Money conversations

Letters from Mom: The one money trick I wish I had known about when I started working

Letters from Mom is an ongoing series where I share words of wisdom with my son. Read more letters from mom.

Dear J,

When I graduated from college, I was really fortunate to get a job immediately at a great company with an excellent starting salary.

I got paid monthly and took home $2,673.61 in my first full month of work. Curious to see the actual pay stub?

At the time, I knew enough to put some money aside into a savings account. I set up direct deposit to deposit $100 to my savings account per pay period and the rest to my checking account.

With each raise, the rest got bigger and bigger. The amount I was saving did not.

Guess what happened?

Lifestyle creep.

The more money I made, the more I spent. I thought I deserved to spend it — after all, I worked really hard, didn’t I?

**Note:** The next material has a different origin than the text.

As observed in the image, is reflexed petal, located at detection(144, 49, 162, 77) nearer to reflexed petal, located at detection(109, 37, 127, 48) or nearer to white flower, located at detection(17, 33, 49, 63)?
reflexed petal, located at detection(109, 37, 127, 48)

What I should have done instead

It took me almost 15 years to figure this out, but if I had just switched that direct deposit setup, I would be in a different position today.

I could have set the fixed amount to be deposited into my checking account and let the rest go to my savings account.

Then, any time I got a raise, I wouldn’t even notice it (out of sight, out of mind), but my savings would grow rapidly over time.

How to make it work

In order for this to work, though, you have to:

  • Be making enough
  • Know what that amount is
  • Be able to live (happily) on that amount

Let’s talk about each.


Simply said, your income needs to be greater than your expenses. Think about all of your necessary expenses — housing, bills, etc. After the necessary expenses are accounted for, do you have enough for your unnecessary (but desired) expenses — entertainment, gifts, travel?

What’s enough for you will be different than what is enough for someone else. We all have different lifestyles, needs and wants. Pay attention to your specific situation as well as what you really need and want. Don’t just do what everyone else is doing. Be mindful of the decisions you make.

(If you’re not making enough, put a plan in action to see how you can make more. How can you become more valuable in your field? Do you need to change fields or learn something new? What kinds of marketable skills could you acquire to help you earn more?)

How much is it?

Take the previous step a bit further and write down some specifics. What exactly is your income? What exactly are those necessary expenses? The unnecessary (but nice to have) expenses?

You can use good, old-fashioned paper and pencil, a spreadsheet program like Google Sheets or Excel or a program specifically for tracking your finances like YNAB or Mint. Find what works for you.

Make sure you gather data over time, as any one month won’t necessarily be representative of every month. An average over a long period of time (a year or a few years) will give you the best number.

And of course, make tweaks as needed. Maybe you’ll buy a house, move or change careers. Maybe you’ll get married or have a child. All of these events might require a reevaluation of your enough.

Living on enough

Now you know what enough is for you. Get on with living your best life. I’ll be rooting for you.